Arizona Fishing License Online: Buy, Renew, Print and Fish Legally in 2026
If you are trying to fish in Arizona, the main thing is simple: make sure your license is active before you cast. Whether you are going to a city pond, a desert reservoir, a mountain trout lake, Lake Havasu, Roosevelt Lake, Patagonia Lake, or a small community fishing water, Arizona has one main online system where you can buy, reprint, and manage licenses.
This guide explains who needs an Arizona fishing license, how much it costs, where to click online, how to renew or auto-renew, how to print or reprint proof, what kids need, what visitors need, and what mistakes to avoid before heading to the water.
Official Source Check Before You Buy
This page is an independent guide, not the official Arizona Game and Fish Department website. Use this guide to understand the process, then confirm fees, account steps, renewal options, and fishing regulations on official AZGFD pages.
Who Needs an Arizona Fishing License? Simple 2026 Answer
Arizona’s fishing license rule is easier than many states because the license covers fishing statewide, including community fishing waters. The basic question is age and water access: are you age 10 or older, and are you fishing publicly accessible water?
Age 10 or older
Resident and nonresident anglers age 10 or older generally need a valid Arizona fishing or combination license to fish publicly accessible water.
Under age 10
Youth under age 10 do not need a state fishing license in Arizona. Adults fishing with them still need their own license unless exempt.
Blind residents
Blind Arizona residents do not need to purchase a state fishing license. Still, normal fishing regulations apply.
Plain local explanation:
If you are old enough to need a license and you are fishing a public lake, public pond, community water, reservoir, river, or public fishing access area in Arizona, do not guess. Buy or confirm your AZGFD license before you cast.
Arizona Fishing License Cost 2026 Resident, Nonresident and Youth Fees
These are the core Arizona fishing license costs most users search for. Always check the official checkout page before payment because the portal, license list, and fees can be updated.
| License Type | Who It Is For | What It Allows | Cost |
|---|---|---|---|
| General Fishing License | Arizona resident | Take of all fish species statewide, including Community Fishing waters | $37 |
| General Fishing License | Nonresident | Take of all fish species statewide, including Community Fishing waters | $55 |
| Combination Hunt and Fish License | Arizona resident | Fishing plus certain hunting privileges such as small game and upland game birds | $57 |
| Combination Hunt and Fish License | Nonresident | Fishing plus certain hunting privileges | $160 |
| Youth Combination Hunt and Fish | Ages 10–17, resident or nonresident | Fishing statewide plus youth hunt/fish combo privileges | $5 |
| Short-Term Combination Hunt and Fish | Arizona resident | Short-term fishing and combo privileges by selected date | $15/day |
| Short-Term Combination Hunt and Fish | Nonresident | Short-term fishing and combo privileges by selected date | $20/day |
What the Arizona general fishing license covers
The general fishing license allows the take of all legal fish species statewide, including Community Fishing waters. Arizona fishing licenses that allow fishing also cover trout and simultaneous fishing with two poles or lines where legal.

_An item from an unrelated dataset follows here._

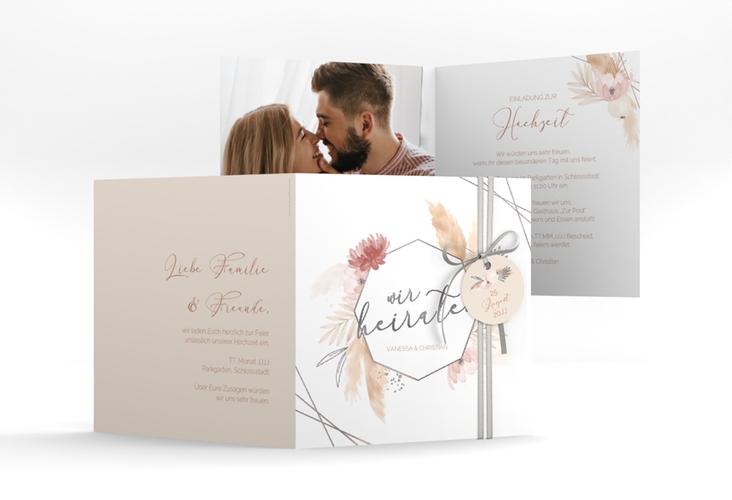 Hochzeitseinladung Bohostyle quadr. Klappkarte silber mit Pampasgras in Aquarell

How long is an Arizona fishing license valid?
Arizona fishing and combo licenses are valid for one year from the date of purchase. That means it is not just a January-to-December license. If you buy it today, plan around that purchase date for future renewal.
Good choice for most anglers
If you only want to fish, the general fishing license is the simple choice. It is cheaper than the combo license and covers statewide fishing privileges.
When combo may make sense
If you also plan to hunt small game, upland birds, or use other combo privileges, compare the combination hunt and fish license instead of buying only fishing.

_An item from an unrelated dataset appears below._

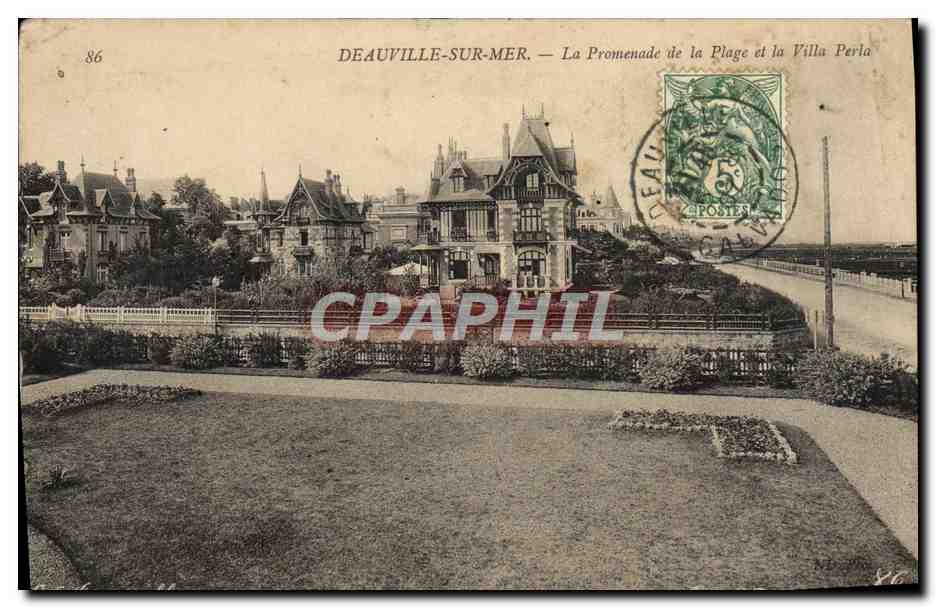 Deauville-sur-Mer — La Promenade de la Plage et la Villa Perla — éditeur Deauville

Which Arizona Fishing License Should You Buy? Micro-Level Picker
Use this quick picker before opening the official portal. It helps you avoid buying the wrong license or paying for a combo license you do not need.
Arizona License Picker
How to Buy an Arizona Fishing License Online Click-by-Click Guide
The official online portal is the fastest route for most users. You can buy as an existing customer, create a new customer account, or continue as a guest when available. Read each screen slowly because license names look similar.
Open the official AZGFD license portal
Go to license.azgfd.com. The official page includes purchase and reprint options. Avoid unofficial pages that may add confusing fees.
Click “Purchase a License”
From the AZGFD license home page, use the purchase option. If you already have an AZGFD portal account, sign in using your username or email.
Choose existing customer, new customer, or guest
If you bought a license before, try your existing account first. If you are new, continue as a new customer. The portal may ask for a verifiable email and phone number for security.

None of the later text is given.